I have seen more positive manifestations in “Suggestion Boards” where managers are compelled to write a response. But even though we may spend less time with our family than work colleagues, would anyone install a suggestion system in their home or would that be considered a serious breakdown in our relationships and communication?
Manager’s immediate reaction to many of the ideas raised is that they will cost too much, don’t align with business needs or are just plain stupid. Most suggestion schemes are anonymous so there is no opportunity to properly follow up or flesh out what may actually be a very worthwhile suggestion, just poorly presented. I even heard someone once say that they could install a hidden camera to work out who made the suggestion!.
In his book “Industrial/Organizational Psychology: An Applied Approach”, Michael Aamodt suggests that although an open door policy is the best method for upward communication, this is not always possible for practical reasons including that Managers may be overwhelmed or Employees may not feel comfortable or may feel threatened talking with Management. They may feel that Management will not take kindly to hearing about problems or bad news. He says that when there is “serial communication” (where messages are passed from person to person) then bad news is filtered and seldom reaches Management. Aamodt writes that a suggestion box or complaints box is one way to overcome this issue (other ways include focus groups, surveys and exit interviews) but cautions that suggestion boxes and complaints boxes are, in theory, the same thing but in practice two very different things and the process must be labelled correctly.

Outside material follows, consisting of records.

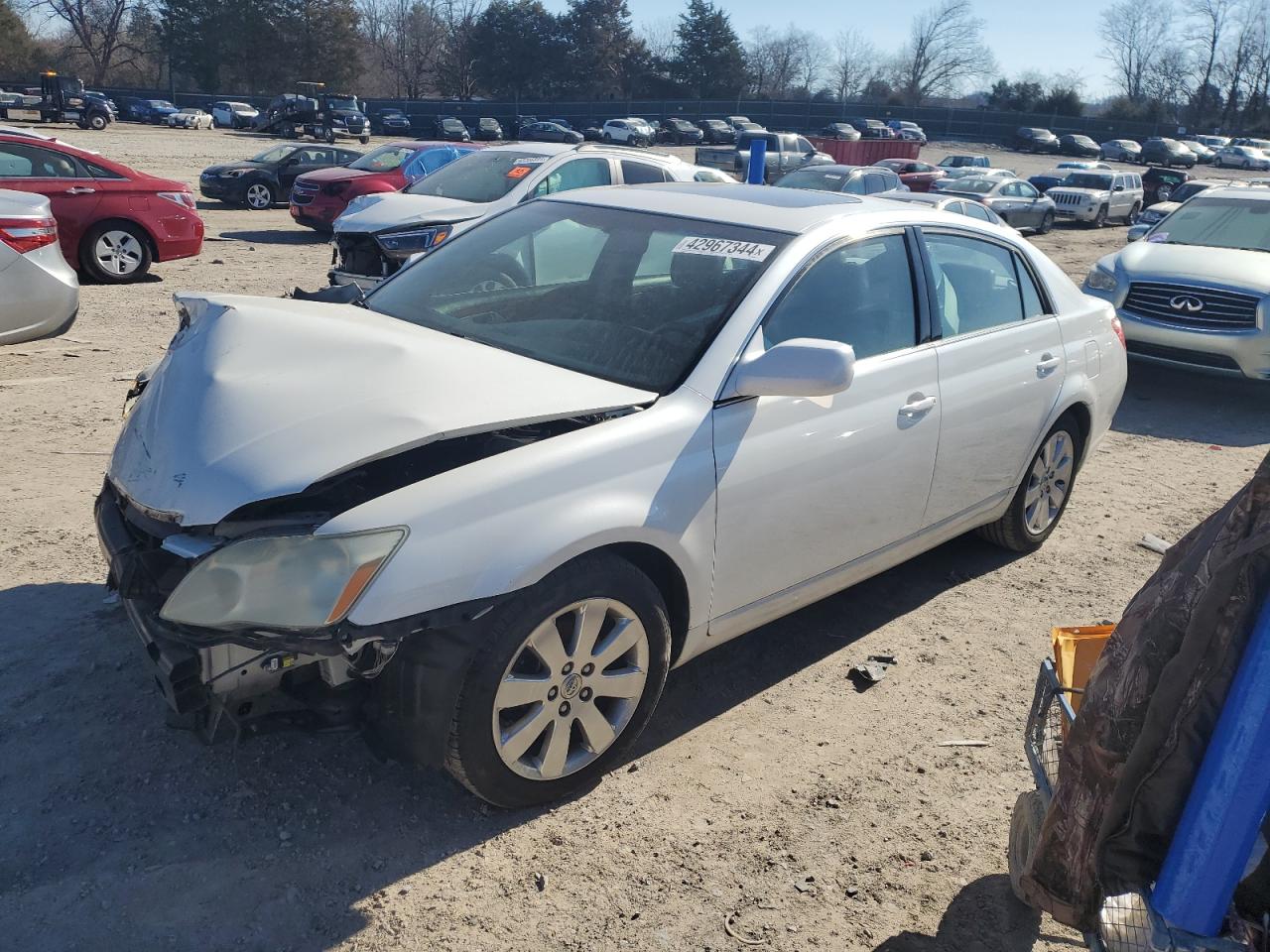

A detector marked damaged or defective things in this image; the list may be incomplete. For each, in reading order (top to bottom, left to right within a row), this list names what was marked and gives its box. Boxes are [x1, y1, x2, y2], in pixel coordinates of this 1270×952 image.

crumpled hood [329, 189, 488, 234]
crumpled hood [1103, 244, 1270, 292]
broken headlight [159, 528, 405, 631]
crumpled hood [109, 294, 655, 524]
damaged toyota [101, 182, 1127, 805]
damaged white sedan [104, 184, 1127, 801]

This was an interesting quote from James Ellis’s recent essay on Weick and Mindfulness:
Weick and Sutcliffe argue that relationships and continuous conversation are the best way to manage risks that systems haven’t anticipated and that mindless routines pose a threat to the sensitivity required for reliable operations. They illustrate this point by reference to the findings of Eisenhardt (1989) who learnt and observed that the better performing organisations in the microcomputer industry conduct frequent operations meetings and facilitate ‘nearly continuous face-to-face interaction’ (1989, p. 543-576).
A search of the internet reveals that these safety suggestion boxes are still a very popular and there are some very passionate opponents and equally passionate proponents. There is a staggering amount of information out there regarding safety suggestion boxes and this really surprised me. I could build this into a massive list but here is just a selection of some of the pros and cons I’ve found. I know I am obviously biased but I am struggling to accept any of the Pros:
- They give employees opportunities to participate in decision making at work. As a result, they feel empowered and assume more ownership of their work.

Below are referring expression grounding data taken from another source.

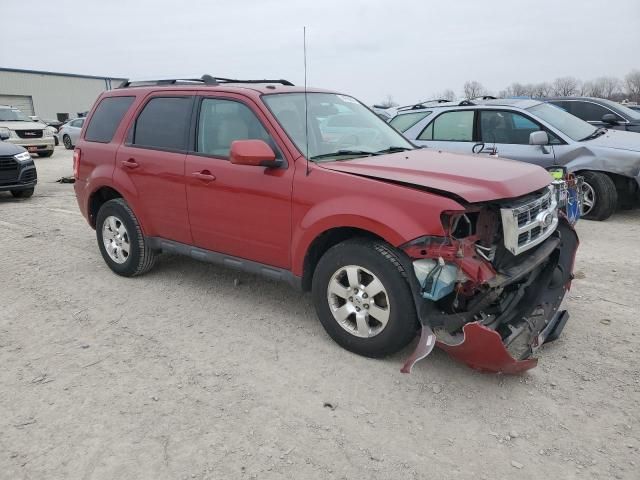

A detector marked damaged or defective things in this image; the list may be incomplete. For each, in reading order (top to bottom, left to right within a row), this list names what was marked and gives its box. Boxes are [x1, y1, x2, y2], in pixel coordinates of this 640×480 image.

damaged front end [400, 185, 580, 376]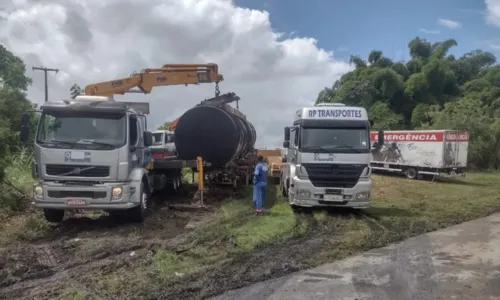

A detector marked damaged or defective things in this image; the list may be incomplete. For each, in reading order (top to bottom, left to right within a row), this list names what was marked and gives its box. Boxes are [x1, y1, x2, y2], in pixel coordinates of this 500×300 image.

damaged tank [173, 92, 258, 168]
burnt tanker truck [173, 92, 258, 185]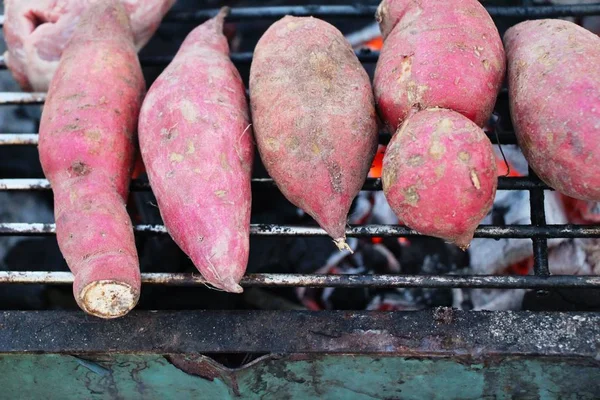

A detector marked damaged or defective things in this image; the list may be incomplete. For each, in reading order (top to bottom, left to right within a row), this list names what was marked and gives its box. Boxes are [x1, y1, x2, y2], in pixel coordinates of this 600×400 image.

rusty metal bar [1, 222, 600, 238]
rusty metal bar [1, 270, 600, 290]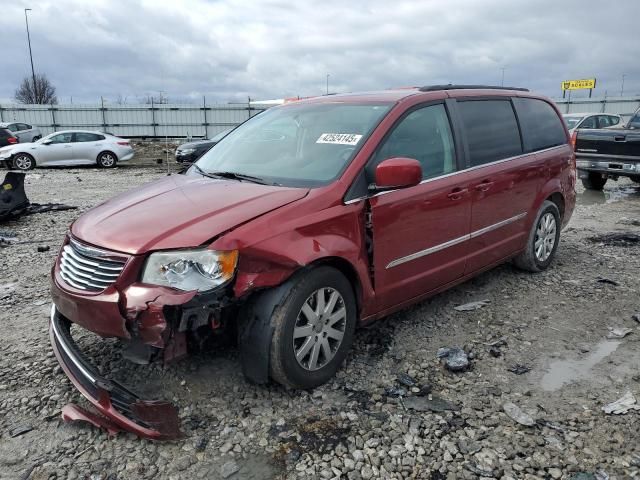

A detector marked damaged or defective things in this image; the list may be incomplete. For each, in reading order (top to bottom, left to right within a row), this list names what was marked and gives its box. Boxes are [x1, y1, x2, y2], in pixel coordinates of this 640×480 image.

crumpled hood [72, 173, 308, 255]
exposed wheel well [544, 192, 564, 220]
exposed wheel well [308, 256, 362, 316]
detached bumper piece on ground [48, 306, 180, 440]
damaged front bumper [48, 306, 180, 440]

- Employees can generate ideas for your organization that can lead to great cost-savings.
- Effective employee suggestion programs can increase motivation, encourage teamwork among employees, and promote loyalty within the workplace.
- If someone shares a good suggestion that meets the purpose of the program and aligns with a business goal – you can reward them for it and encourage others.
- A carefully designed and launched employee suggestion program can positively impact your employee motivation and enthusiasm. It must have clarity and commitment and open communication.
- Your workers are on the front lines – they see it all – and are the best source for safety concerns in the workplace. Instituting a safety suggestion box allows your workers to address the safety concerns – both major and minor – that they encounter every day and which might go unnoticed by management.
- Employees tend to only generate ideas related to their immediate sphere of influence, and mostly related to process improvement or personal or selfish needs
- Initially there may be too many ideas which cannot be processed, management become overwhelmed
- Lack of transparency – employees cannot see what is happening with their idea
- They are a way for a small portion of the workforce to vent
- They are processed by the same person who may have certain biases or lack of expertise in the area and not recognise the value of the idea
- They encourage limited, anonymous ideation in isolation and without any feedback, as opposed to open and collaborative ideation that leads to breakthrough innovation and adds real value.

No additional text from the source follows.